Changing what is considered "rural"
What's changing is that USDA is updating its maps that define what areas are considered rural, based on 2010 Census information. When that happens, a lot of suburbs, small towns, and subdivisions that are currently considered rural will lose that designation - and their eligibility for USDA mortgages in the process.
The current maps expire on Sept. 30. When they do, it's estimated that nearly 8 million people will be disqualified for USDA mortgages based on where they live, according to figures from the Housing Assistance Council.
The USDA Rural Development Loan program was established for exactly that reason - to enable farmers and other persons living in rural areas to obtain affordable mortgages to buy decent housing. But the definition of "rural" includes many small communities as well - among them one-time "farm towns" that have become bedroom communities and growing suburbs that have sprung up in former agricultural areas.
In fact, it's estimated that 97 percent of the land in the U.S. is currently considered rural by USDA standards and therefore eligible for the loan program. So it's not like the program is overly restricted in that sense.
General program requirements
As mentioned above, the program is limited to persons of moderate incomes, although that is defined as 115 percent of your local median income, adjusted for family size. You also need to currently be without adequate housing, although that might be sharing an apartment with multiple roommates or living in a home where several children must share a room.

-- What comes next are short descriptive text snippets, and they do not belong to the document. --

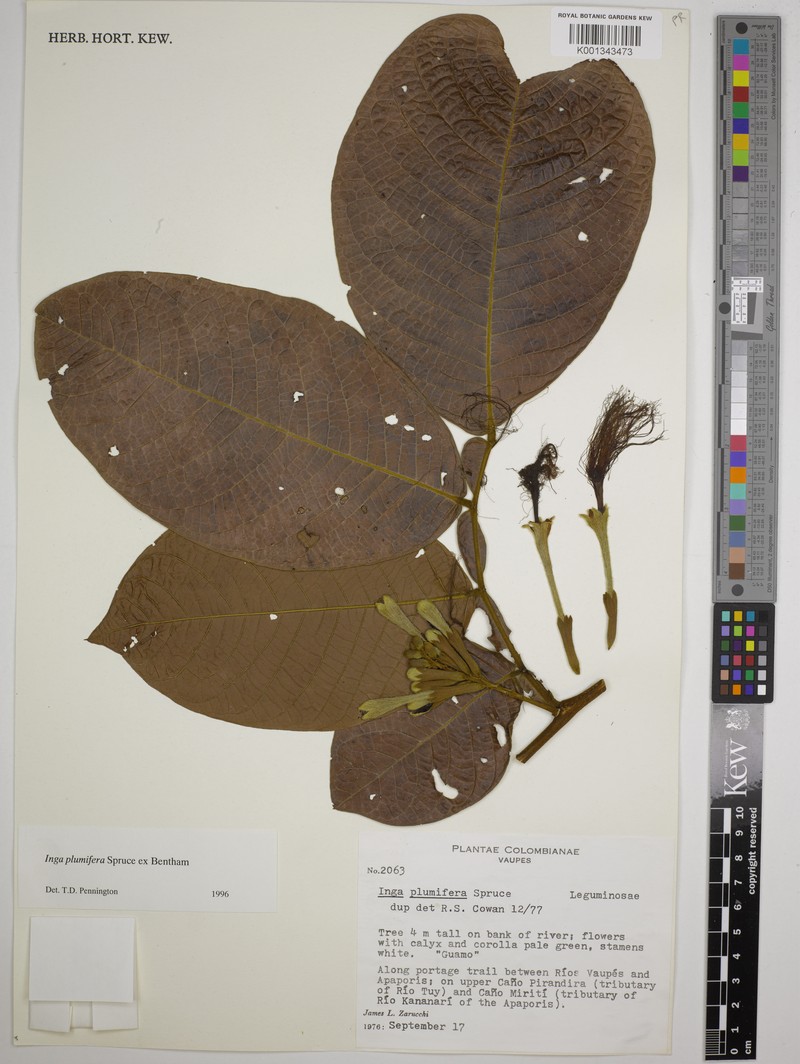 Inga plumifera photo 3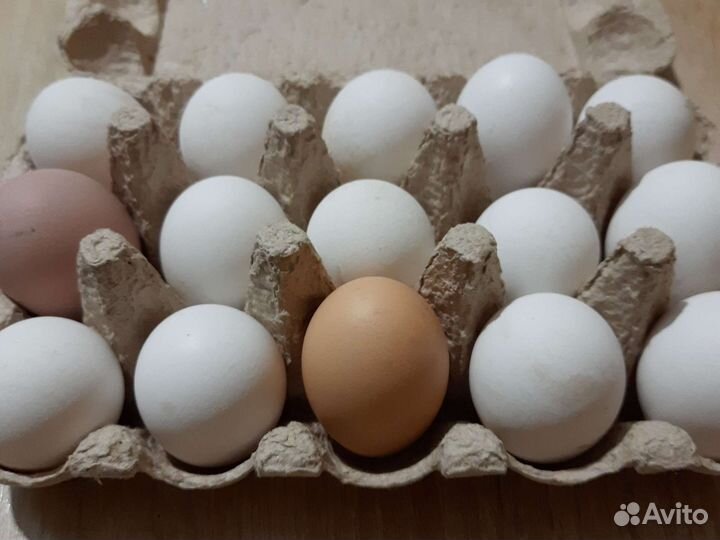 Домашние куриные яйца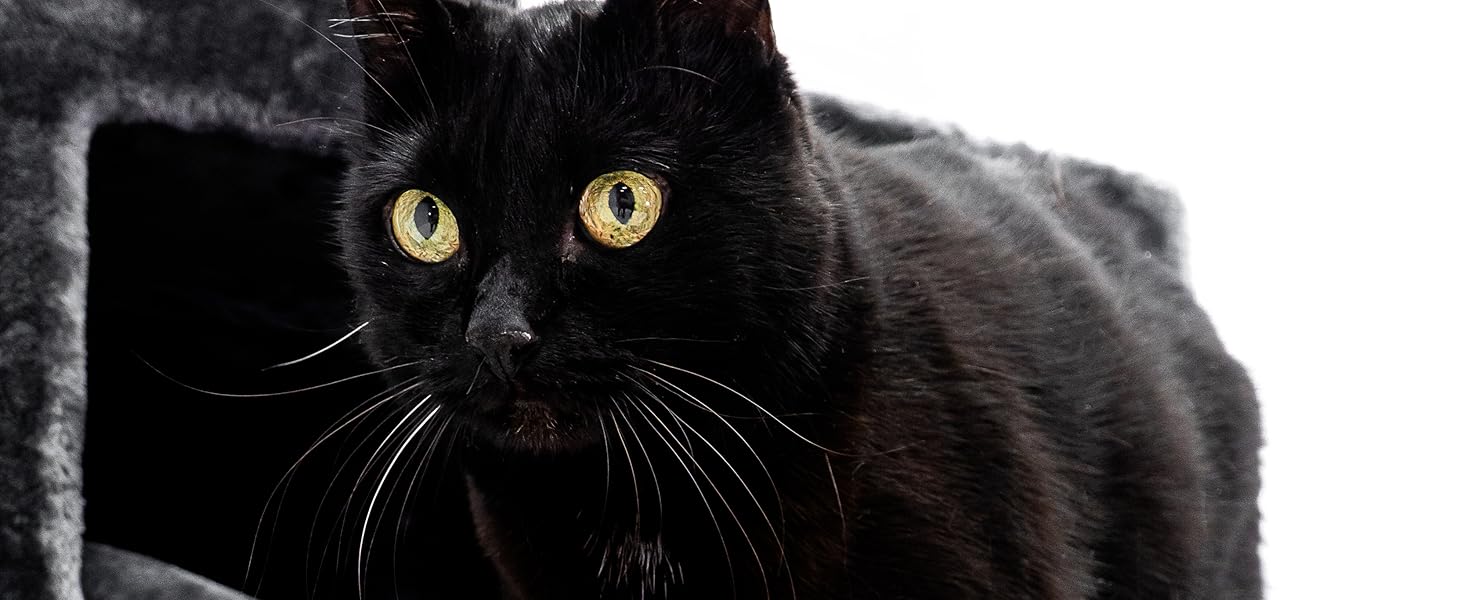 Дряпак для котів Petrebels Maine Coon, Estate, 170 см, XXL, чорний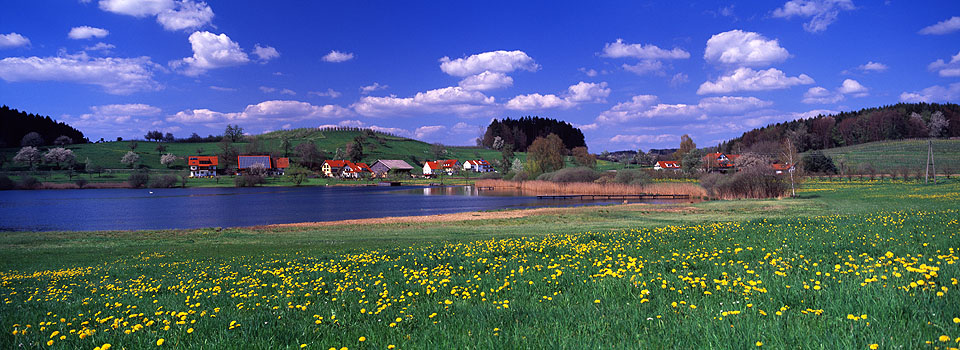Muttelsee - Frühling
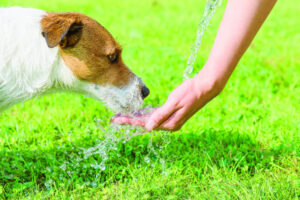 Heat is a pet danger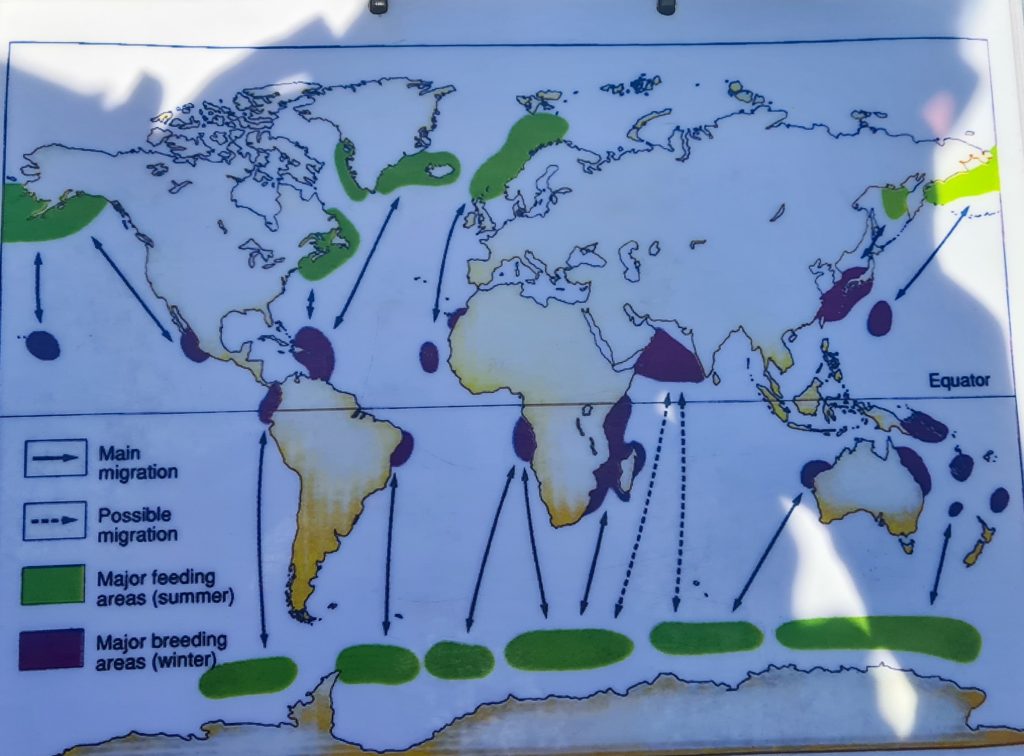 A map showing the long migration patterns of humpback whales.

There's no fixed limit on the cost of the home you can buy, though the program requires that it be "modest in size, design and cost." In other words, no in-ground swimming pool. You also need to have a "reasonable" credit history, which in practical terms means a credit score of at least 620, though that may vary by lender.
Not all lenders provide USDA loans, although you're more likely to find them in smaller communities where the program is popular. Some will advertise that the offer USDA loans, often along with FHA, VA and other products, or you can contact a Rural Development office in your state to obtain the names of participating lenders in your area.